Совершенствование разума открывает путь к воспитанию человеческой природы, объятой интеллектуальной любовью, стремлением к познанию единства, которым «дух» связан с объективным миром. Гармоническая целостность учения о вселенной, стройная согласованность философии и природы, предполагает знание законов мира и образование такого общества, при котором «как можно легче и вернее» многие пришли бы к выводу о необходимости всю силу духа своего направить на раскрытие законов, управляющих природой и человеком.

Отказ от «вечных и незыблемых ценностей» мещанства и буржуазного блага дал повод филистерам рисовать Спинозу в виде бездушного и холодного созерцателя. Но такой портрет философа — вымысел, Он полностью расходится с реальным образом Бенедикта Спинозы, с сыном революционной эпохи, умевшим последовательно отстаивать свое учение и бороться за торжество своих взглядов. Воинствующим поборникам наживы и грабежа, душителям свободы, справедливости и правды Спиноза заявил: «Я не мешаю другим делать наживу целью своей жизни, но пусть и мне будет дозволено жить сообразно с истиной».

В «Трактате об усовершенствовании разума» Спиноза выступает как пламенный пропагандист опытного изучения природы, живой научной мысли и неограниченных прав разума. Вырвавшись из мрачного плена религии, опьяненный солнцем разума, Спиноза становится глашатаем гуманизма, подлинной любви к человеку, упоенному природой и поднимающемуся с помощью материалистической философии к вершинам счастья и совершенства.

Как известно, Декарт положил в основу бытия разум, являющийся исходной позицией его философии. «Я мыслю — стало быть, существую». Спиноза же был глубоко убежден в существовании природы, основы основ всего живого и реального, в том числе и разума. Мышление, по Спинозе, не пустое умствование, а содержательное воспроизведение мира в понятиях.
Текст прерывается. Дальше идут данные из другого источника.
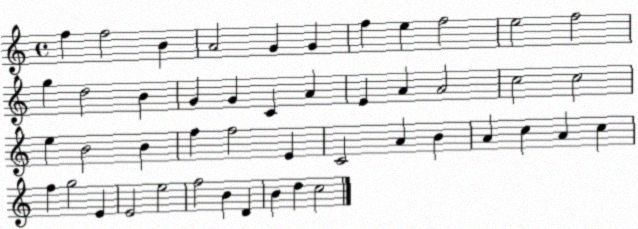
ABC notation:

X:1
T:Untitled
M:4/4
L:1/4
K:C
f f2 B A2 G G f e f2 e2 f2 g d2 B G G C A E A A2 c2 c2 e B2 B f f2 E C2 A B A c A c f g2 E E2 e2 f2 B D B d c2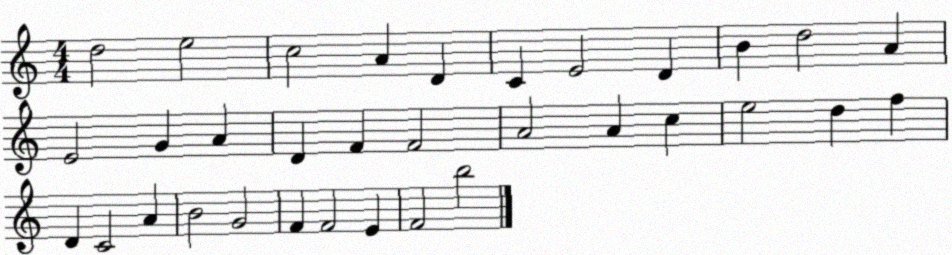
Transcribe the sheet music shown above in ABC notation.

X:1
T:Untitled
M:4/4
L:1/4
K:C
d2 e2 c2 A D C E2 D B d2 A E2 G A D F F2 A2 A c e2 d f D C2 A B2 G2 F F2 E F2 b2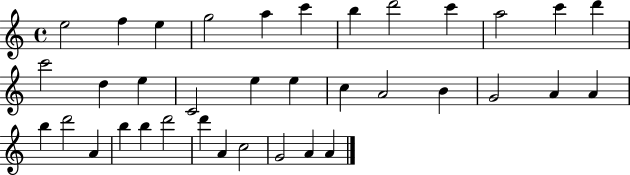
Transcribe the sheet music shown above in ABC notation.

Разум — это безграничная способность человека проникать в глубь природы, раскрывать ее сокровенные тайны и законы. Разум — это вечная жажда знания, утолить которую до конца невозможно. Невозможно потому, что объект знания — бесконечная, абсолютная, могучая и неисчерпаемая природа.

В «Кратком трактате» Спиноза полагал, что ограниченный разум человека не в состоянии познать безграничную вселенную. Он писал: «1. Существует бесконечное число познаваемых вещей. 2. Конечный ум не может понять бесконечного».

В «Трактате об усовершенствовании разума» Спиноза заявляет, что конечный ум можно и должно врачевать, совершенствовать, а это приближает его к природе вещей и дает ему возможность в бесконечном многообразии мира уловить единство и сущность.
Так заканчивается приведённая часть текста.